逢うも逢わぬも

    眠気のなかで

2011.3.11 あの日のこと

 あの日、地震が起きてすぐに職場を出たのは、娘が生まれた時に決めていたことだった。災害があれば、何があろうと、娘を優先すると決めていた。神戸大震災の時、他の人を助けていて、娘を助けに行くのが遅れた、それで娘を失ったというわけではないけれど、最初に娘を助けに行かなかったことをずっと悔やんでいると、そう語っていた人のことを記憶していたからだと思う。私にその人の気持ちが分かるわけがないが、しかし、その言葉には、私の何処かを深く抉るところがあった。

 私は慌てて、だから、家の鍵が入ったコートを忘れて職場を出たことに後で気づくことになるのだが、最寄り駅に向かった。その頃にはもう、列車は全て止まっていた。仕方がないので、早足で保育園に向かうことにした。早足で歩いても、2時間程度はかかる。しかし、それ以外はないだろう。そう直感した。

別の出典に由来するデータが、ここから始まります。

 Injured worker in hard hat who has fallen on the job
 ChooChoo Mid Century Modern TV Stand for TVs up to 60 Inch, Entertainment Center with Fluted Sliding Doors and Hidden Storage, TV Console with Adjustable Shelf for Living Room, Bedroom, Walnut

 そうした直感は、しかし、外れた。歩いて15分ほどしたところで、ぐでんぐでんに酔っ払った男を車内から出そうとしているタクシー運転手を見かけたのだった。金曜日の午後3時半過ぎに、どうして、あのような酔っぱらいがタクシーに乗って、しかも、あのような場所で降ろされようとしていたのかは、今考えると、不思議ではあるけれど、いずれにせよ、私は、タクシー運転手に手を貸し、酔っぱらいを車内から出し、酔っぱらいが金を払い、そうして、軟体動物のようになりながら、なんとか目の前の家にたどり着いたのを確認すると、次は、私を保育園に連れて行って欲しいと運転手に頼んだ。もちろん、運転手は拒まなかった。

 タイミングが良かったと後で思い出すことになったが、その頃はまだ、幹線道路の渋滞が始まっていなかった。4時を少し過ぎた頃だったかと思うが、ラジオからは10メートルの津波が押し寄せているという信じがたい言葉が耳に入った。タクシーが橋に差し掛かったところで余震がやってきて、車内でも大きな揺れが感じられた。私は、自分が保育園にたどり着けないかもしれないことに怯えた。

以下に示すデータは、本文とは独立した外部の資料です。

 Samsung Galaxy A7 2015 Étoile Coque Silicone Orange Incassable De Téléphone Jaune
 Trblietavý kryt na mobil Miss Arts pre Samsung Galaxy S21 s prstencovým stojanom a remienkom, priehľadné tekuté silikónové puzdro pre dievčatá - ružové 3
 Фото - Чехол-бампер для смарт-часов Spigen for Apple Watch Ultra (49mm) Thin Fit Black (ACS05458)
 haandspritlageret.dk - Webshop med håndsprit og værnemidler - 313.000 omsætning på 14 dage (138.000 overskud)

 しかし、渋滞に巻き込まれることもなく、つまり、あの時、あの状況において、奇跡的なことに、タクシーに乗って40分ほどで保育園に到着した。保育園の先生には、私が一番乗りだと言われた。照れるほどに早い。この時間にもう父親がやってきたことに不審げな顔をして、娘は私を見上げた。

 私があのタクシーを待たせていたのは、家の鍵を入れたコートを職場においてきてしまったことに気づき、妻が帰宅するまで自分の実家で待つことにしたからだった。ベビーカーを受け取り、建物の外に出ると、夕日の色に薄く染められた曇天からぽつりぽつりと雨粒が落ちてきた。見慣れているはずの光景が何処かで大きく歪んでしまったかのようだった。

 5時前になっていた。つい先ほどまでは流れていたはずの幹線道路が渋滞していた。タクシーが動こうにも動けない状況に巻き込まれた。隣町だというのに、実家までに辿り着くのに恐ろしいほどの時間がかかった。実家では、ドアを開け放ったまま、母親がダイニングテーブルの前に座っていた。私と娘を見て、驚いた顔をしてすぐに笑顔になった。心配していたと述べた。私は鍵を職場に忘れたので、妻が帰宅するまで待たせて欲しいと伝えた。テレビに信じがたい光景が映っていた。

 結局、妻が帰宅したのはその翌朝のことだった。それまでずっと戸惑った表情で過ごしていた娘は、妻の顔を見ると、泣き出した。